8.4 Unconfoundedness

SW 6.8, SW Ch. 9

Unfortunately, we rarely have access to experimental data in applications or the ability to run experiments to evaluate causal effects programs/policies that we’d be interested in studying. For example, it’s hard to imagine convincing a large number of countries to randomly assign their interest rate, minimum wage, or immigration policies though these are all policies that economists would be interested in thinking about the causal effect of.

For the remainder of this chapter, we’ll discuss common approaches to causal inference when the treatment is not randomly assigned. We’ll start with what is probably the most common approach: unconfoundedness.

Unconfoundedness Assumption: \[\begin{align*} (Y(1),Y(0)) \perp D | X \end{align*}\] You can think of this as saying that, among individuals with the same covariates \(X\), they have the same distributions of potential outcomes regardless of whether or not they participate in the treatment. Note that the distribution of \(X\) is still allowed to be different between the treated and untreated groups. In other words, after you condition on covariates, there is nothing special (in terms of the distributions of potential outcomes) about the group that participates in the treatment relative to the group that doesn’t participate in the treatment.

This is potentially a strong assumption. In order to believe this assumption, you need to believe that untreated individuals with the same characteristics can deliver, on average, the outcome that individuals in the treated group would have experienced if they had not participated in the treatment. In math, you can write this as \[\begin{align*} \mathbb{E}[Y(0) | X, D=1] = \mathbb{E}[Y(0) | X, D=0] \end{align*}\]
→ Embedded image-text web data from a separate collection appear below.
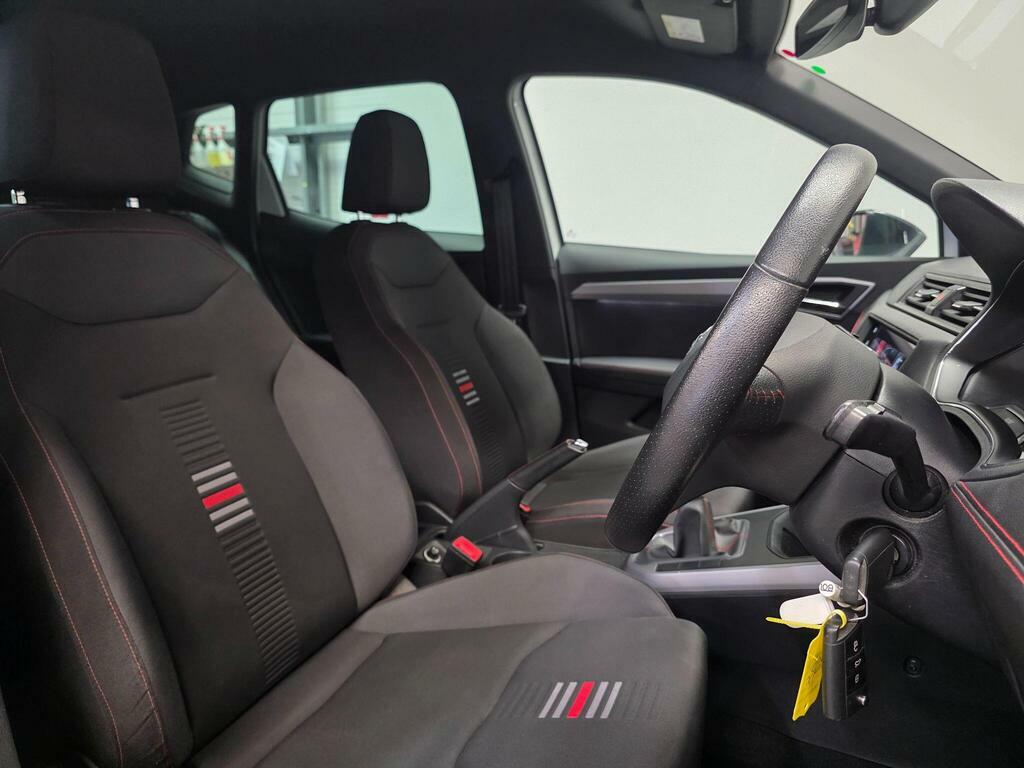 Seat Arona 1.0 Tsi Fr Euro 6 Ss PV19AYD White #2
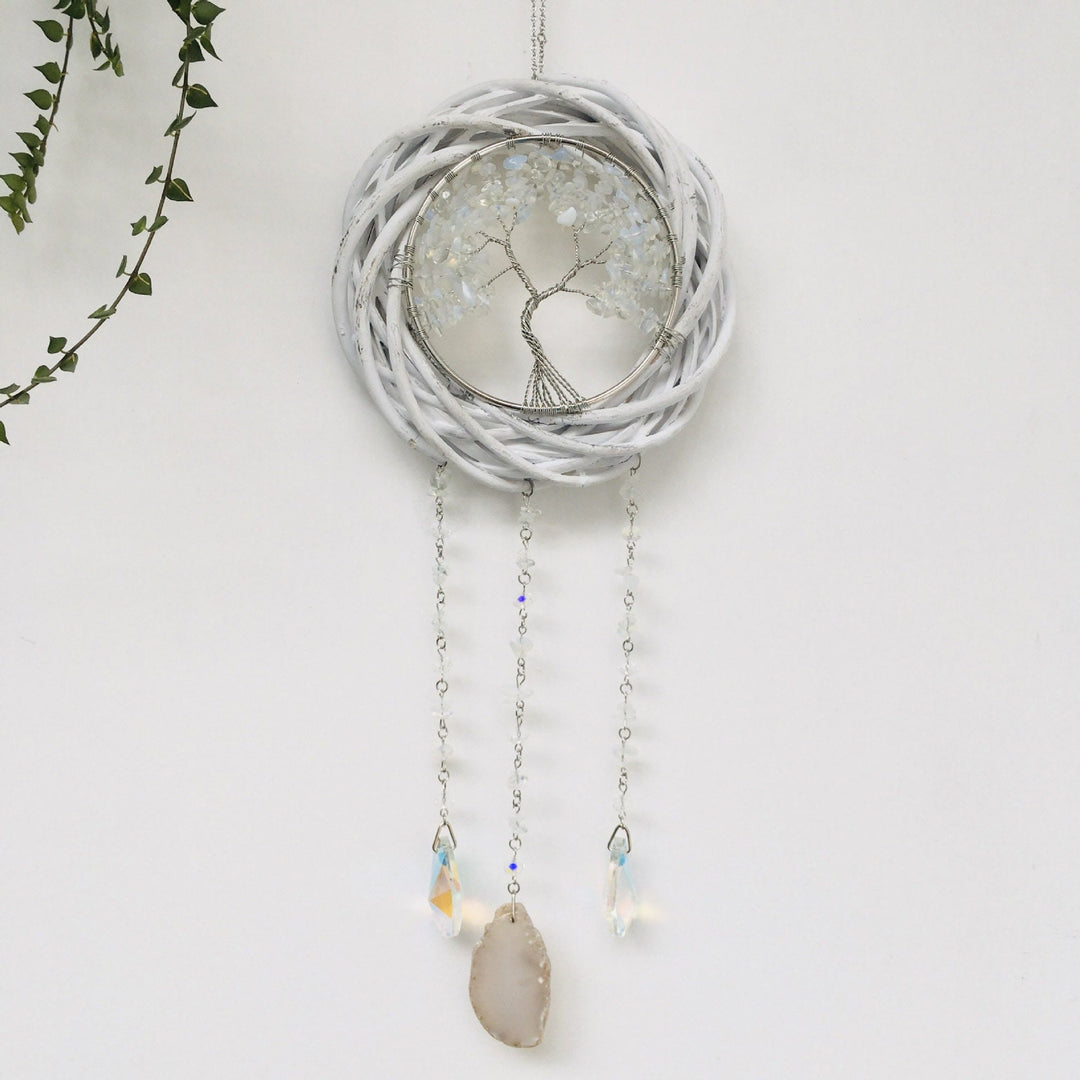 Decorazione da parete con ghirlanda dell'albero della vita avvolta in opalite Olivenorma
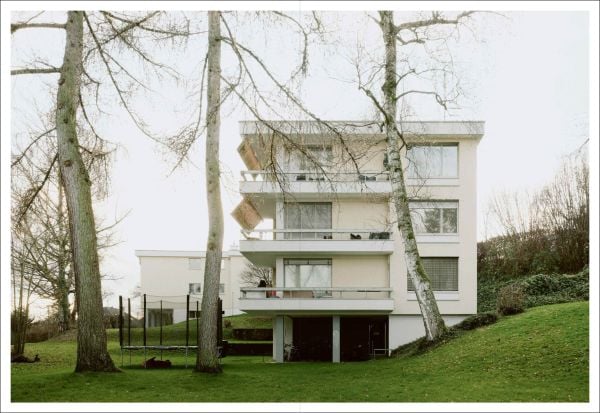 Book cover of Georg Rauh: Das Bauhaus in der Schweiz, die hölzerne Moderne und Genossenschaftsbauten. Published by Quart Publishers.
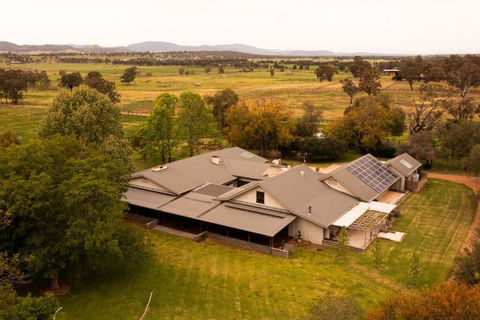 Redbank Estate - Luxury In Scone - Phillip Island Accommodation 0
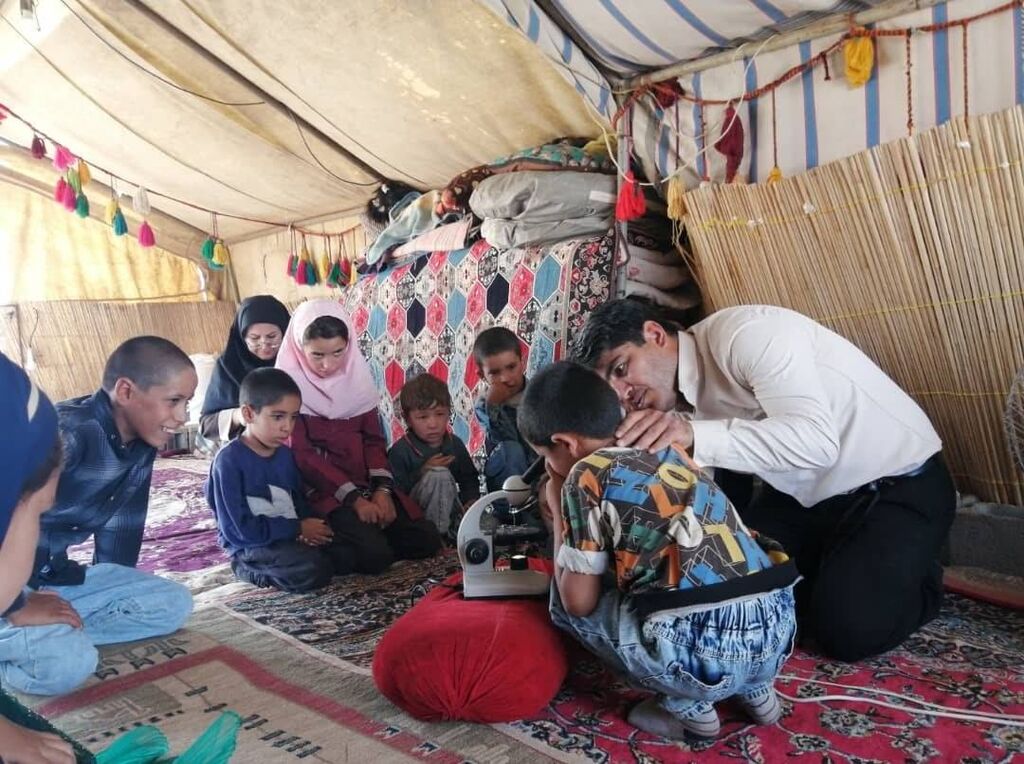 کتاب و میکروسکوپ همنشین کودکان عشایر جهرم شدند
If you are willing to believe this assumption, then you can recover the \(ATT\). There are a few different ways that you could implement this. Probably the most common (and convenient) way is to link this condition to a regression (just like we did in the previous section on experiments).
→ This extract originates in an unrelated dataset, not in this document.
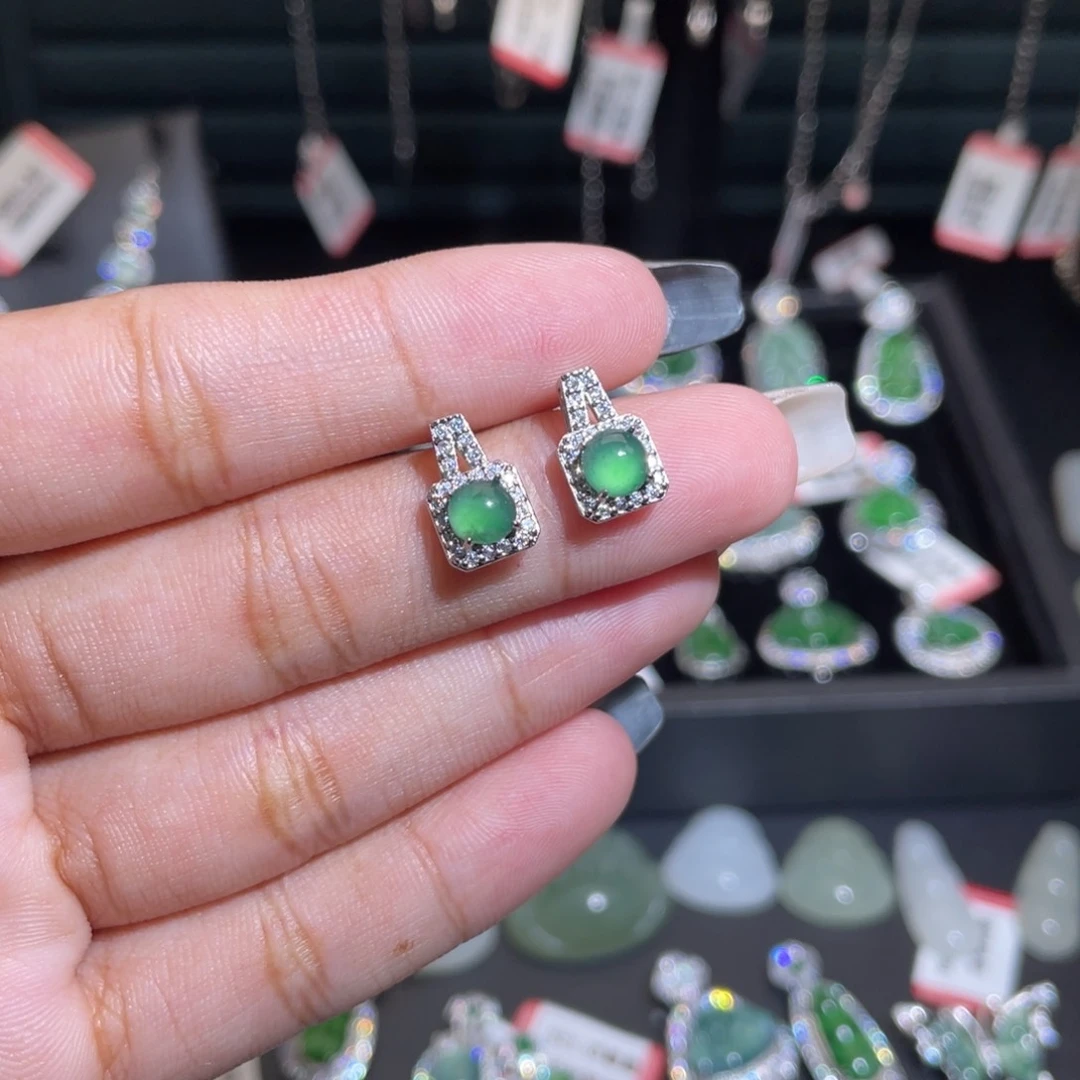 未镶嵌翡翠耳饰耳钉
To do this, let’s continue to make the treatment effect homogeneity assumption as above. In addition, let’s assume a linear model for untreated potential outcomes \[\begin{align*} Y(0) = \beta_0 + \beta_1 X_1 + \beta_2 X_2 + \beta_3 X_3 + U \end{align*}\] and unconfoundedness implies that \(\mathbb{E}[U|X_1,X_2,X_3,D] = 0\) (the conditioning on \(D\) is the unconfoundedness part). Now, recalling the definition of the observed outcome, we can write \[\begin{align*} Y_i &= D_i Y_i(1) + (1-D_i) Y_i(0) \\ &= D_i (Y_i(1) - Y_i(0)) + Y_i(0) \\ &= D_i \alpha + \beta_0 + \beta_1 X_1 + \beta_2 X_2 + \beta_3 X_3 + U_i \end{align*}\] which suggests running the regression of observed \(Y\) on \(X_1,X_2,X_3,\) and \(D\) and interpreting the estimate of \(\alpha\) as the causal effect of participating in the treatment. In practice, this will be very similar to what we have done before — so the process would not be hard, but convincing someone (or even yourself) that unconfoundedness holds will be the bigger issue here.

As a final comment, the assumption of treatment effect homogeneity is not quite so innocuous here. It turns out that you can show that, in the presence of treatment effect heterogeneity, \(\alpha\) will be equal to a weighted average of individual treatment effects, but the weights can sometimes be “strange”. There are methods that are robust to treatment effect heterogeneity (they are beyond the scope of the current class, but they are not “way” more difficult than what we are doing here). That said, in my experience, the regression estimators (under treatment effect homogeneity) tend to deliver similar estimates to alternative estimators that are robust to treatment effect heterogeneity at least in the setup considered in this section.